Technical diplomacy in practice (from words to working code)

  • Adoption by reference: governments, regulators, operators, and financiers point to a registry ID in a law, contract, or platform setting—no need to rewrite a treaty.
  • Computable clauses: every trigger/test is human-readable and machine-readable; auditors and systems can check automatically; people can override with reasoned justification.
  • Change management: redlines with diffs; grace periods; deprecation schedules; compatibility notes.

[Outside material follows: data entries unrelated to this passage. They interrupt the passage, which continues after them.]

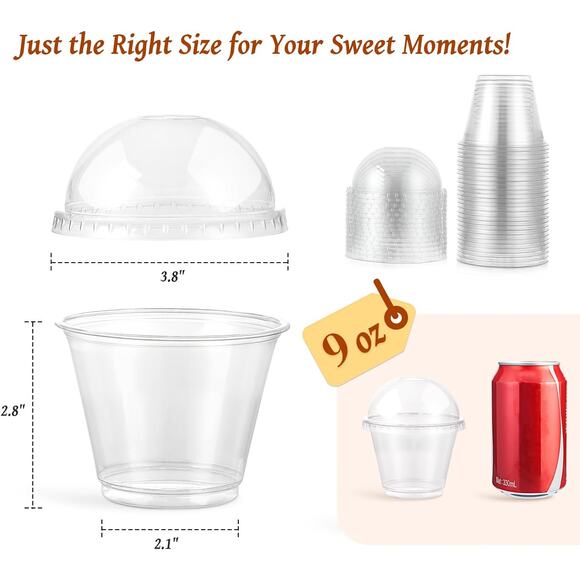 50 Sets 9 oz Clear Dessert Cups with Dome Lids No Hole for Parfait Fruit Cake - Picture 2 of 7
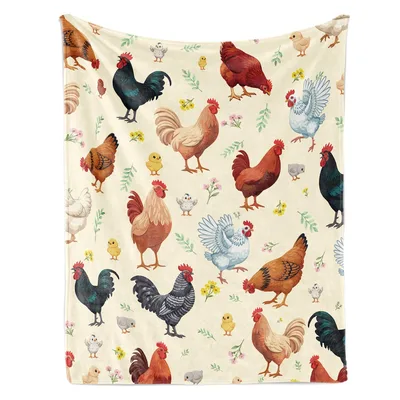 Cream Farmyard Roosters Blanket featuring a watercolor chicken pattern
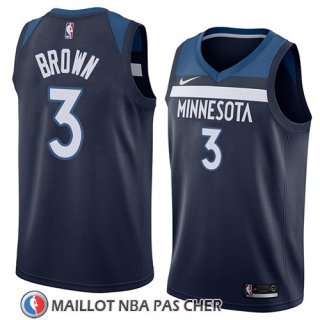 Maillot Minnesota Timberwolves Anthony Brown No 3 Icon 2018 Bleu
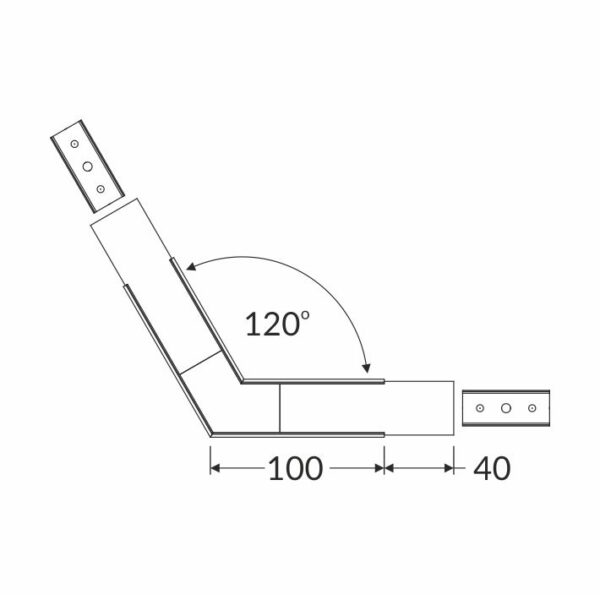Conector VARIO30-02 120 grade Negru Anodizat pentru profil LED TOPMET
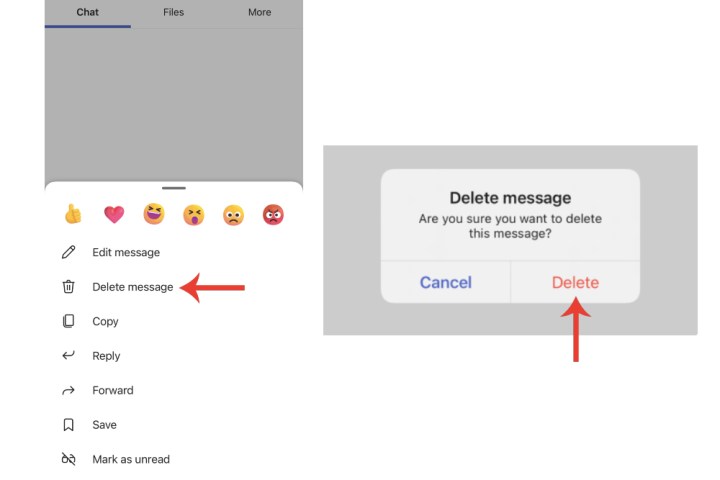Suppression de messages sur Microsoft Teams pour iPhone.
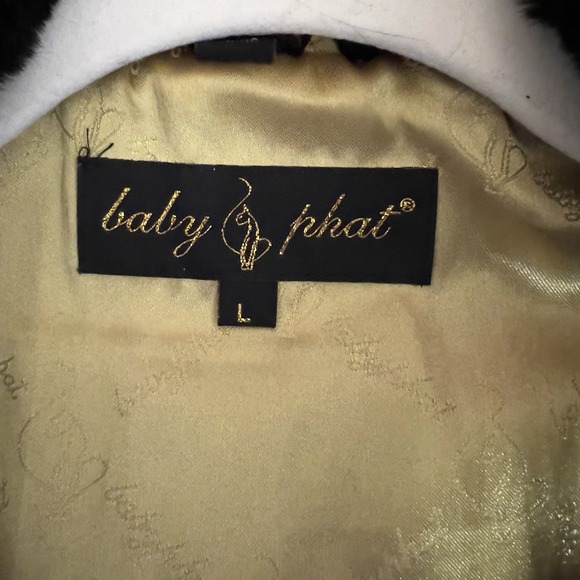 Vintage Baby Phat Y2k Faux Fur Coat Jacket Rare Gold Logo Women's Cropped Large - Picture 5 of 5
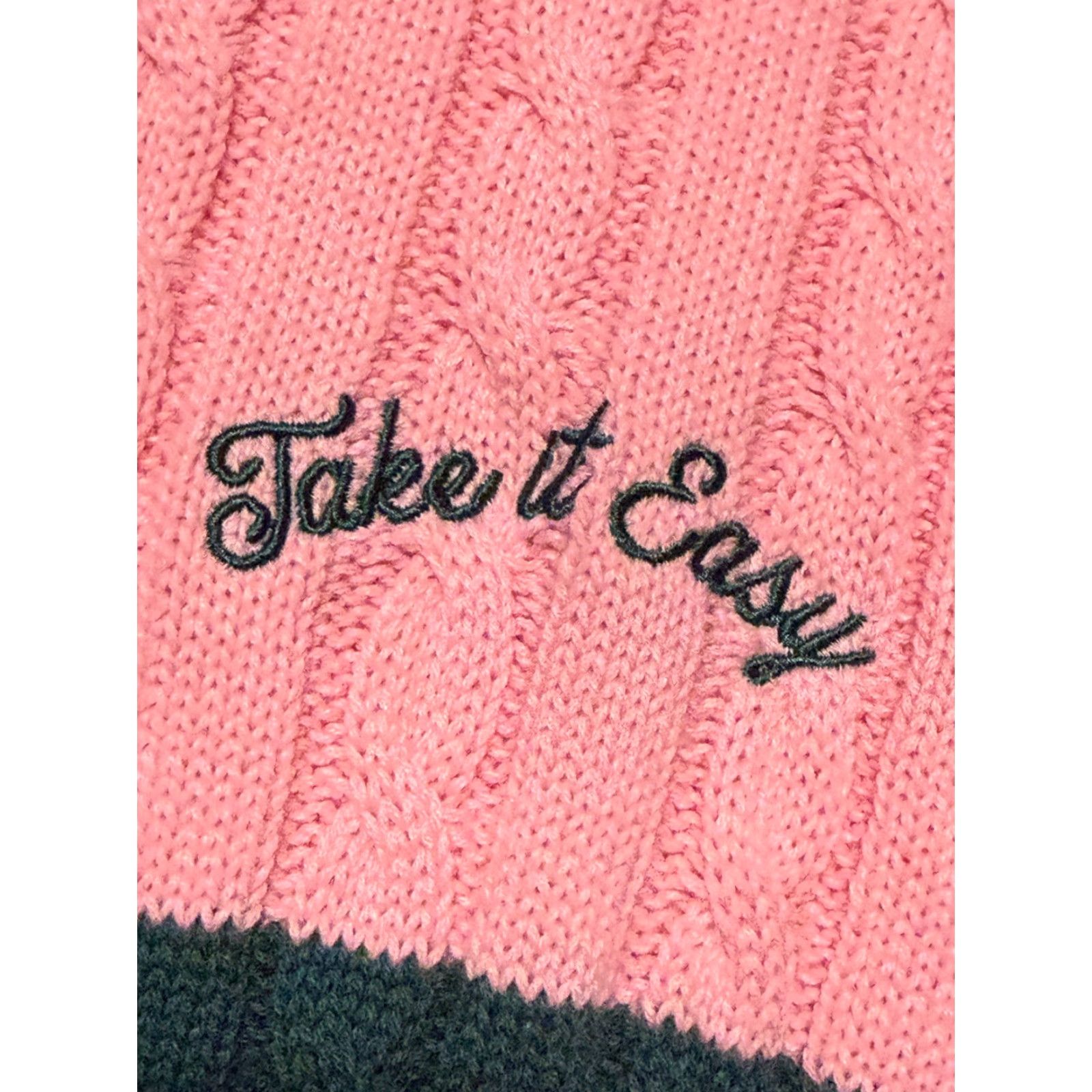 Vintage All in Motion Sweater Women's Medium Pink Blue Green Striped "Take it Easy" Size M / US 6-8 / IT 42-44 - 5 Thumbnail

Community-oriented, zero-trust solutions

  • People first: design alerts and actions with communities; measure what matters locally.
  • Data minimalism: default to aggregate/anonymous; use privacy-preserving methods where possible.
  • Open participation: any contributor can submit evidence or redlines; every submission is logged and acknowledged.
  • Safety online and offline: clear on/off-record rules; consent for recording; secure handling of sensitive materials.

Finance for development & resilience (what changes on day one)

  • Signals, not sales: GRF issues risk signals and triggers tied to evidence; GRA and partners structure opportunities outside GRF with do-no-harm safeguards.
  • Anticipatory funds: pre-agreed triggers unlock preparedness actions (e.g., evacuation support, surge staffing, protection of critical infrastructure), with post-event audit.
  • Transparency: disclose sources and uses; independent audit; no preferential access for funders.

Innovation with guardrails (prove it before we depend on it)

  • Sandbox, then scale: AI, biotech, energy, digital infrastructure, and city tech are stress-tested against failure modes, bias, and equity impacts.
  • Reference builds: NE Labs publishes replicable implementations so any region can test and adopt without vendor lock-in.
  • Go/hold criteria: simple readouts—Go, Go with guardrails, Hold—with what must be monitored and by whom.

Early warning → early action (the last mile that saves lives)

  • Clear thresholds tied to the registry; named owners for actions.
  • Plain-language messaging in local languages; inclusive channels; tested instructions.
  • Post-action review within two weeks: what worked, what to fix, who owns the fix.

How we measure success (and hold ourselves to it)

  • Avoided losses: lives, livelihoods, and assets protected.
  • Adoption: standards referenced in laws, contracts, platforms; number and quality of pilots.
  • Evidence quality: current, sourced, reproducible; uncertainties stated.
  • Hand-off discipline: acknowledgments within 5 business days; two-week status on every decision.
  • Inclusion: balanced participation across regions and groups; accessibility delivered.
  • Finance mobilized with safeguards: signals used; covenants honored; no integrity incidents.
  • Learning: monthly AARs; quarterly improvements implemented.

Transition timeline (anchor points)

  • Aug–Nov 2025Simulation phase: rehearse the monthly loop; complete Swiss shared-layer setup; open Asia (Singapore) and MENA (UAE) footprints.
  • Jan 5–9, 2026Binding elections: Track & Regional Chairs (+ Deputies) → GSB forms automatically.
  • Jan 12, 2026 — First official monthly cycle;
    Jan 13–15, 2026 — Virtual Forum Launch with public sessions.
  • Dec 1–5, 2026Trustee elections (7 seats, staggered terms; ≥4 independent).

The pledge

We will protect people first. We will say what we know and what we don’t. We will keep outputs short, sourced, and specific. We will design for local leadership and global interoperability. We will welcome scrutiny and share credit. We will move fast, fix fast, and leave a system better each month than the month before.

GRF is not another talking shop. It is multilateralism that works: neutral, verifiable, inclusive, and finance-aware—purpose-built for the age of cascading risks. By aligning science, policy, capital, technology, and community action on one simple operating system, we aim to set a new standard for international cooperation—one that can be trusted, adopted, and improved by everyone, everywhere.